THE CONCEPT OF SIMULATION
IN ORGANIZATIONAL RESEARCH*
J. Richard Harrison
School of Management
University of Texas at Dallas
P.O. Box 830688
Richardson, TX75083
USA
Phone: (972)883-2569
Fax: (972)883-6521
E-mail:
THE CONCEPT OF SIMULATION IN ORGANIZATIONAL RESEARCH
Abstract
This paper examines the concept of computer simulation, with emphasis on its use in studying complex organizational systems. Simulation is presented as a form of science and is formally defined. Several research uses of computer simulation are discussed and illustrated with examples from research in organization theory. Research issues related to the use of simulation are also considered.

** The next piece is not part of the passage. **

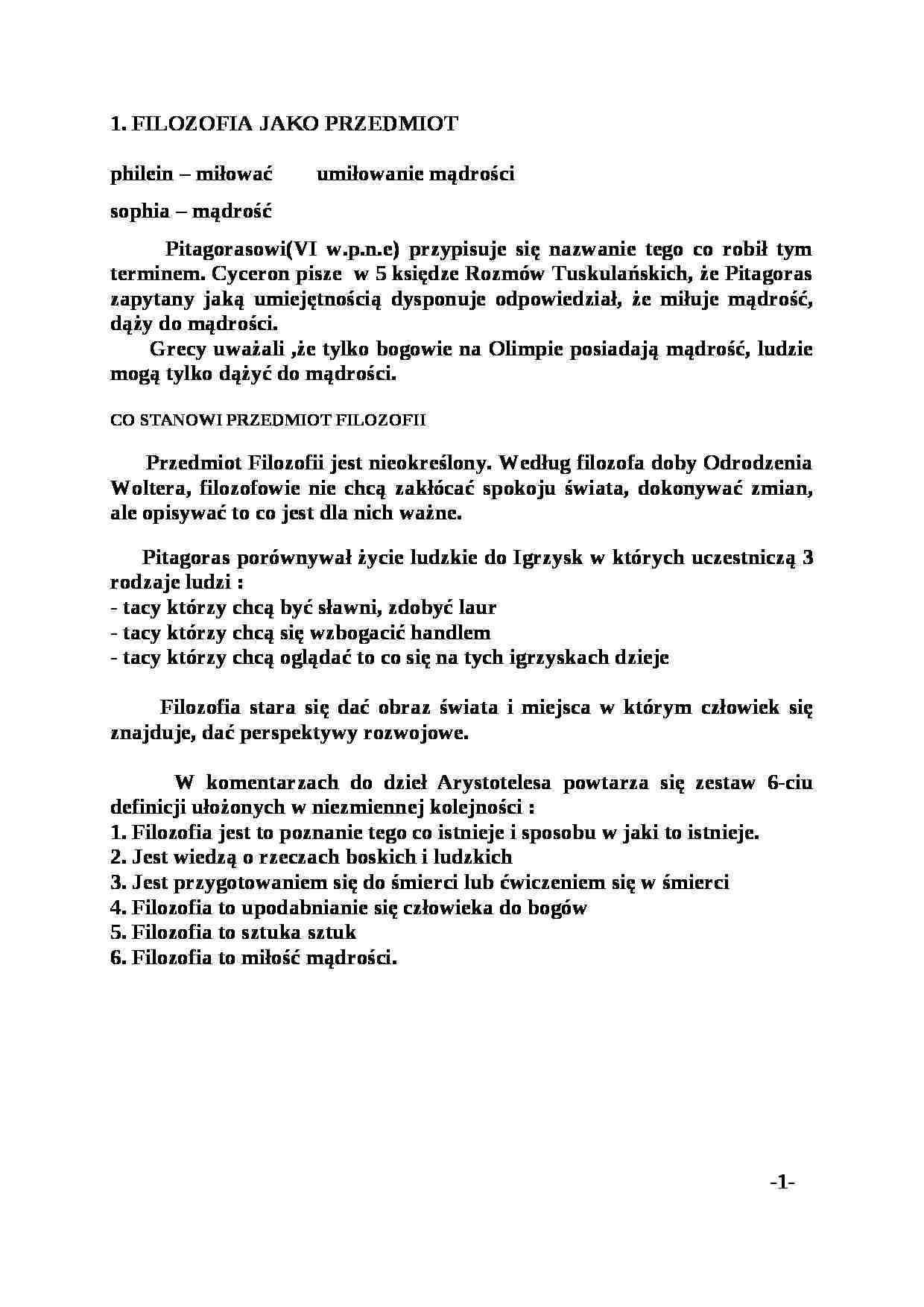 Filozofia - Edward Jeliński - strona 1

THE CONCEPT OF SIMULATION IN ORGANIZATIONAL RESEARCH
Research in organization theory based on computer simulations has a long history, beginning with Cyert and March’s (1963) simulation of firm behavior and Cohen, March, and Olsen’s (1972) simulation of garbage can decision processes. But only in the 1990s has simulation-based research become common in leading organizational journals. With the increasing legitimation of computer simulation as an acceptable research methodology, the rise in simulation-based journal articles, and the expanding number of newly-trained scholars using simulation techniques, computer simulation promises to play a major role in the future of organization theory.
This paper addresses the concept of computer simulation in organization theory: what simulation is, how it is used, and what issues are associated with its use. While experienced simulators will hopefully find this discussion interesting, it is intended primarily to make simulation understandable to researchers without extensive backgrounds in computer programming or mathematical analysis. The paper is based predominantly on my personal views and experiences with computer simulations and draws mostly on my own work, not because my work represents any sort of standard for simulation research, but simply because I am most familiar with it.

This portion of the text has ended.